Nifty’s recent advance, triggered by its breakout from the 24,337–24,432 to 25,448–25,669 trading range, is now showing signs of hesitation as it approaches stiff resistance at the 2024 highs. According to Laurence Balanco of CLSA, this key resistance zone is beginning to exert pressure on the index, coinciding with a noticeable loss of upside momentum.
Slowing Momentum Signals Consolidation Ahead
Balanco highlights that the market is displaying an October–November price/momentum divergence, a classic indicator that bullish momentum is waning even as price attempts to push higher. This divergence, when combined with overhead resistance, suggests that Nifty is poised for a period of consolidation rather than an immediate breakout.
He expects this consolidation to unfold within a broad range defined by:
Support zone: 25,448–25,669
Upper consolidation boundary: 26,250–26,277
Bullish Structure Still Intact
Despite the near-term slowdown, Balanco maintains a constructive outlook. The key technical marker for preserving the bullish trend remains the 24,448–25,669 support area. As long as Nifty holds above this region, CLSA continues to anticipate an eventual break above the 2024 highs.
Should Nifty succeed in clearing resistance decisively, Balanco projects a move towards the 26,700–26,800 zone. This upside target is derived from the measured move projection of the July–October trading range, pointing to further headroom for the index once consolidation plays out.

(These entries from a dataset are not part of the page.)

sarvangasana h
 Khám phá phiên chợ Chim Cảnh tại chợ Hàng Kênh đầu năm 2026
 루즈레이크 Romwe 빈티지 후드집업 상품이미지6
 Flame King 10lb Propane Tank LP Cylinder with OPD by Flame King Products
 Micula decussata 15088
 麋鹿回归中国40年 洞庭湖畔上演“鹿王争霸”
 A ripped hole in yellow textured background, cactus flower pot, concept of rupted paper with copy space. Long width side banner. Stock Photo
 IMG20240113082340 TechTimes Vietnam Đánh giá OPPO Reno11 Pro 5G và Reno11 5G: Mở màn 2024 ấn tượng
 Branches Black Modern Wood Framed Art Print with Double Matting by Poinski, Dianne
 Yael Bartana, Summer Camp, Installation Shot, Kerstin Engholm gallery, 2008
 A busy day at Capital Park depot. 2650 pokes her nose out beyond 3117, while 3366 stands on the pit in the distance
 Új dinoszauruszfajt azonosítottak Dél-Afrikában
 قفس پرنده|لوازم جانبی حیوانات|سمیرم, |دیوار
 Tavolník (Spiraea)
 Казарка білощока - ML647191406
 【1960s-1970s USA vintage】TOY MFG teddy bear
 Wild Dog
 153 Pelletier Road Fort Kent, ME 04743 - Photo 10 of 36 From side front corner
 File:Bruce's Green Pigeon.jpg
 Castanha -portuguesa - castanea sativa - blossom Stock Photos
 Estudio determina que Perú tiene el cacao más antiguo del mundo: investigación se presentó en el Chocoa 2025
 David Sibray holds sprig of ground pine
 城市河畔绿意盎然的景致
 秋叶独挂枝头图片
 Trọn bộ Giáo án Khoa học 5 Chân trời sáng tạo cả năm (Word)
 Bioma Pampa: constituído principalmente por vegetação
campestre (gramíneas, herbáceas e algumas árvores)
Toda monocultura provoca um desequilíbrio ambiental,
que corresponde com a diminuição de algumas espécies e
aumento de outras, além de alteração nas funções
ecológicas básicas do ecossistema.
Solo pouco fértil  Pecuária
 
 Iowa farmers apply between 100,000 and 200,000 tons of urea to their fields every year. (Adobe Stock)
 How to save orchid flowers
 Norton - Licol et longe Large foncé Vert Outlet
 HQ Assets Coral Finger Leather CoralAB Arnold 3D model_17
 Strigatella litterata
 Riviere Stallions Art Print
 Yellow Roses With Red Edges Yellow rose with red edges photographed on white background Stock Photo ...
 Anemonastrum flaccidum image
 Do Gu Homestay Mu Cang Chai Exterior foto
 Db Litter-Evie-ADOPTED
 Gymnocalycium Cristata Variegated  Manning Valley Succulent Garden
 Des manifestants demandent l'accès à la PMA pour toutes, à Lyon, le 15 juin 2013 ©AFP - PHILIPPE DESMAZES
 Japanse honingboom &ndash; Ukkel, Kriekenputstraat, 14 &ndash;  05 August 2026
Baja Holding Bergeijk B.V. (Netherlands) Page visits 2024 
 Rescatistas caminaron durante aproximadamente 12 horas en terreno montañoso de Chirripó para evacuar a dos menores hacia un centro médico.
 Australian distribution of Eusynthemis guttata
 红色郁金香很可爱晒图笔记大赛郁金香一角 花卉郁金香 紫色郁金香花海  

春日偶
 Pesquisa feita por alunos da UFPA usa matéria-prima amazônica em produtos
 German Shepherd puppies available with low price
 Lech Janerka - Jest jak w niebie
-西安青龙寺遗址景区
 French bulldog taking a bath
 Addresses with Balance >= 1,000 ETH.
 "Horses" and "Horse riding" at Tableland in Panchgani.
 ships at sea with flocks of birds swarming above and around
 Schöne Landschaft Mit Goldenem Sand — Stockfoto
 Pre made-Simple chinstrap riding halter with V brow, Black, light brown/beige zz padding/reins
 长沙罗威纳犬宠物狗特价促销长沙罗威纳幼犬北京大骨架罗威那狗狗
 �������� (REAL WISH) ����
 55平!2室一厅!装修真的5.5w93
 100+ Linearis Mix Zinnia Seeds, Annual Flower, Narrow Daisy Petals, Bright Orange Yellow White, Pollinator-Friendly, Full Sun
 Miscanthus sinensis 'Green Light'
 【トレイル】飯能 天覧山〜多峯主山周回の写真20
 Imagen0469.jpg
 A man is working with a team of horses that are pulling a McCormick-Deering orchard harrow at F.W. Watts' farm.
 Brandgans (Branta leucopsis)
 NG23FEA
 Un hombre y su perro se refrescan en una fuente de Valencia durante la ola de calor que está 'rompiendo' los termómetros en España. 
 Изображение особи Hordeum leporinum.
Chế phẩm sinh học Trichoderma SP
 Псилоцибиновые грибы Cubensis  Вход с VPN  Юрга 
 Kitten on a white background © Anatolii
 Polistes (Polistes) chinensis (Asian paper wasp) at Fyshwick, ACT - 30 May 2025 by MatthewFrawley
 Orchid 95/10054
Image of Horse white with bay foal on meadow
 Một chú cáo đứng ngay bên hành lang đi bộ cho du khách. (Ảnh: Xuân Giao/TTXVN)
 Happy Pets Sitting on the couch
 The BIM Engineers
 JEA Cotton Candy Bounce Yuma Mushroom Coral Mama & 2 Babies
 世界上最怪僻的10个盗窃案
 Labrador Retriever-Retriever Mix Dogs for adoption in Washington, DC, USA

The Nifty gained 0.61% for the week to 26,068.15, and the Sensex rose 0.79% to 85,231.92, supported by optimism around India-US trade negotiations, strong second quarter earnings, and easing inflation.
But with the rupee's volatility and critical economic data around the corner, the next few sessions will determine whether the market can defy gravity or whether the currency storm will cap the rally just short of a new high.